His offer seemed to ease some of the fury in her eyes. Still, her lips were tightly pressed together. She said, “It’s going to take more than a blanket. He’s very sick, and he’s going to die if he doesn’t get help. He needs to be in a hospital.”
“I’m sure that’s been considered—”
“Considered? A man’s dying, and you’re considering whether to put him in the hospital?” Eileen Fremont’s eyes lit up again, and for the next five minutes she told Colonel Majors exactly what she thought of him, of the whole Confederate prison system, of Jefferson Davis, and of everyone else. Finally she said, “I’m sure nothing will come of this, so no thanks to you, Colonel!” She turned and stalked out of the tent.
As soon as she disappeared, Tom came back in, his eyes wide with astonishment. “That lady sure knows how to say what she means, doesn’t she?”
At that instant Lieutenant Logan stepped inside, a grin on his face. “I caught the last of that one, Colonel. I think I’d rather face Yankee cannons than a lady like that!”
“The woman’s unreasonable!” Colonel Majors said. His feelings had been scraped raw by her accusations. “What does she expect me to do? I expect she’s just a Yankee sympathizer.”
“No, I know a little bit about her,” the lieutenant said. “She’s been waiting around the prison. I was there the other day talking to one of the guards. He told me about her.”
“What did he say?”
“Actually, it’s pretty sad. Her husband joined up at Bull Run, and he got killed at Shiloh, so she’s a widow. I guess she and her brother-in-law were pretty close. She’s for the South all right, but she’s one pretty tough lady.”
“I never could stand a woman with a temper,” Colonel Majors said.
“Well, sir, you’d better get used to this one because she’ll probably be back.”
“I hope not! If she does, just tell her that I’m kept pretty busy, will you, Sergeant?”
“I’ll tell her, Colonel,” Tom said. “But she doesn’t seem to me like the kind of woman that would listen to a lowly sergeant.”
Nelson Majors looked at his son quickly to see if he was being ridiculed, but he could see nothing on Tom’s smooth face. “Well, I’m sorry for her, but there’s nothing I can do. If she comes back, try to shift her off to somebody else, all right?”

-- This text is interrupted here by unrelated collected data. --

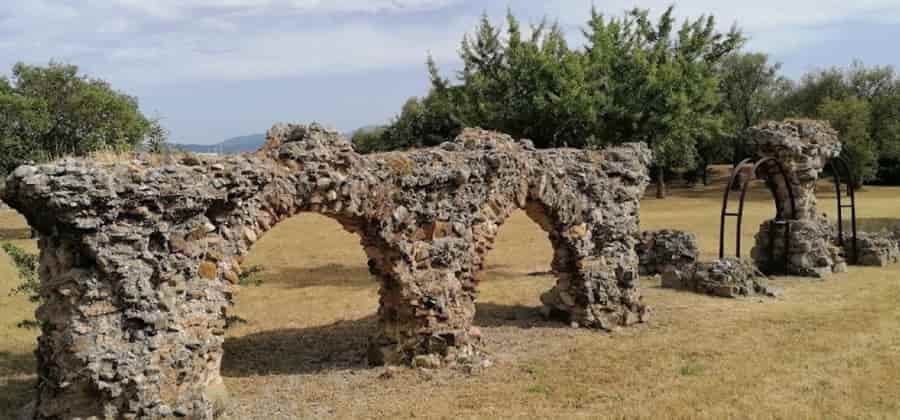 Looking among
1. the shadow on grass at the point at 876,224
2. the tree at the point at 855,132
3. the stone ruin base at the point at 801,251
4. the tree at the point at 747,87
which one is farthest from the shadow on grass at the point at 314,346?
the tree at the point at 747,87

“Yes, sir, I’ll do all I can.”
Later, when he was explaining all this to Jeff, Tom said, “I never saw Pa so shook up. He can face a charge with bare bayonets, but that little red-haired lady sure did shake him up.”
“I’d like to have seen that.” Jeff grinned. “Maybe he’d understand my problems with Leah a little better.”
“I don’t think Leah ever loses her temper like this woman did. I’ll tell you what—she came in there looking like a bear. A pretty bear, I must admit, but all the same I hope she doesn’t show up again.”